Dan bagaimana apabila salah satu komponen tersebut tidak dilaksanakan? Bisa dibayangkan, apabila suatu komponen tidak terpenuhi, maka akan ada kesenjangan dan terasa kurang lengkap. Memang tidak terlalu berpengaruh apabila salah satu komponen tidak digunakan, akan tetapi akan terasa lebih baik dan lengkap apabila semua komponen diberlakukan.

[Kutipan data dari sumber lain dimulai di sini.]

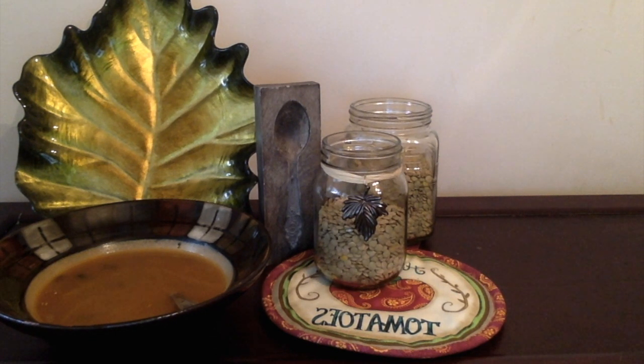Lentils do not need to be soaked before cooking. Try buying lentils that are already packaged, as the bulk lentils may be a bit harder and drier.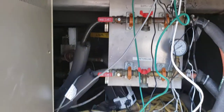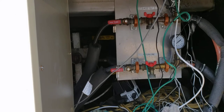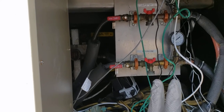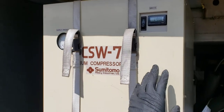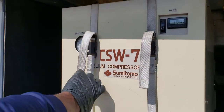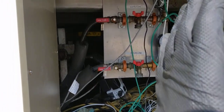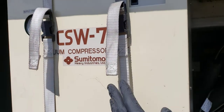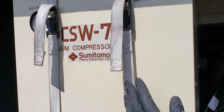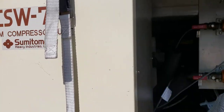Basically the chiller is cryogenic - cryo cooling. The chill water from the chiller cools down the condensing unit in this helium compressor unit. Once again, the chill water from the chiller cools down the condenser in this unit.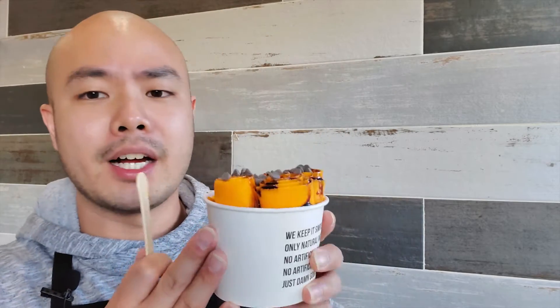I actually like it — oh wow. Very creamy, it's nice and chewy. The dark chocolate has a very nice balance to the orange. You got your crunchiness from the chocolate chips. It's orangey, it's chocolatey, it is crunchy — it is so good guys, oh my gosh!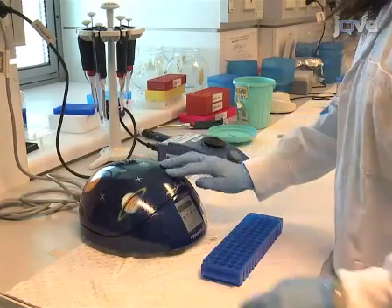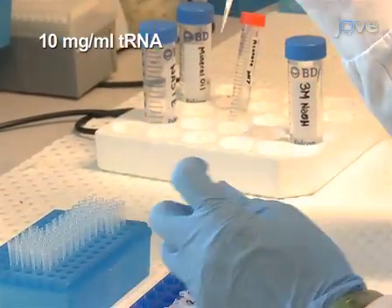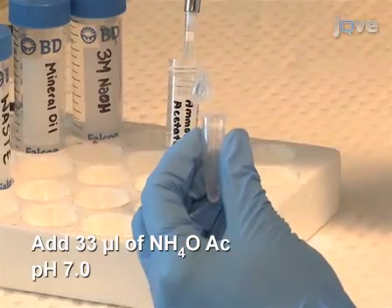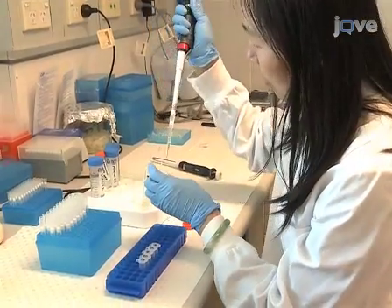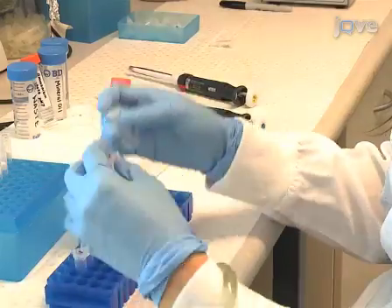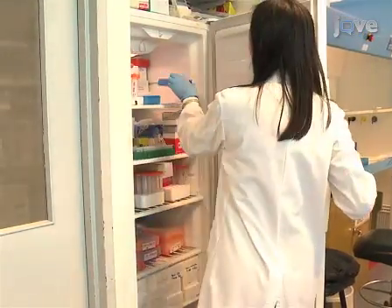Centrifuge the samples briefly and then add 1 microliter of tRNA to each sample. Neutralize the solution by adding ammonium acetate to a final concentration of 3 molar. Next, ethanol precipitate the DNA. Add ice cold 100% ethanol, 330 microliters, and mix well by inversion. Leave at minus 20 degrees Celsius for 1 hour to overnight.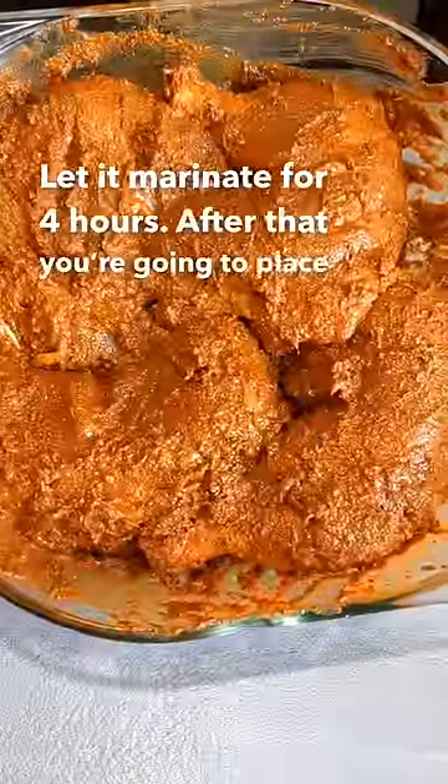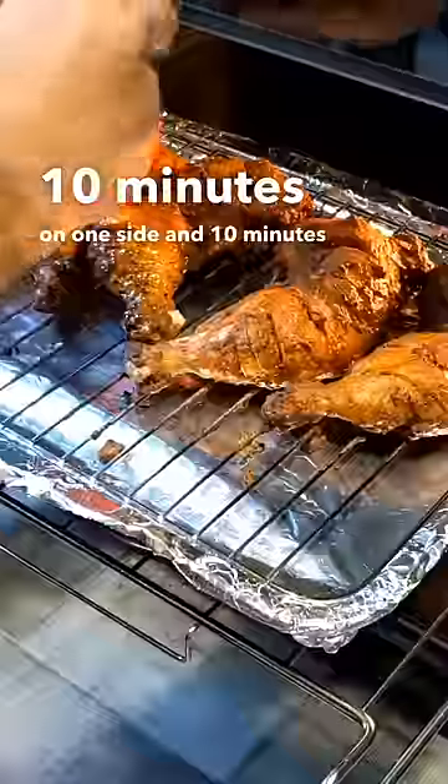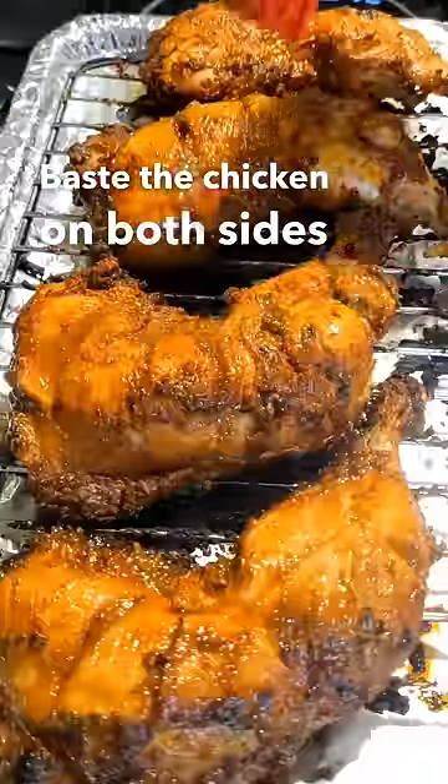After that you're going to place the chicken in a rack and stick it in the oven on 240 for 10 minutes on one side and 10 minutes on the other side. Baste the chicken on both sides after 10 minutes. Broil for three to five minutes on full heat to get it nice and charred.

Apakah prinsip-prinsip dakwah tersebut saling berkaitan? Saya berpendapat bahwa tentu saja, karena semua komponen tersebut merupakan suatu pelengkap dalam dakwah dan masing-masing memiliki kekuatan tersendiri dan saling melengkapi tentunya. Yang pasti akan membuat lengkap kegiatan dakwah. Mari berlakukan prinsip-prinsip utama dalam dakwah agar dakwah yang kita lakukan lebih terkupas tuntas. Tidak sulit bukan?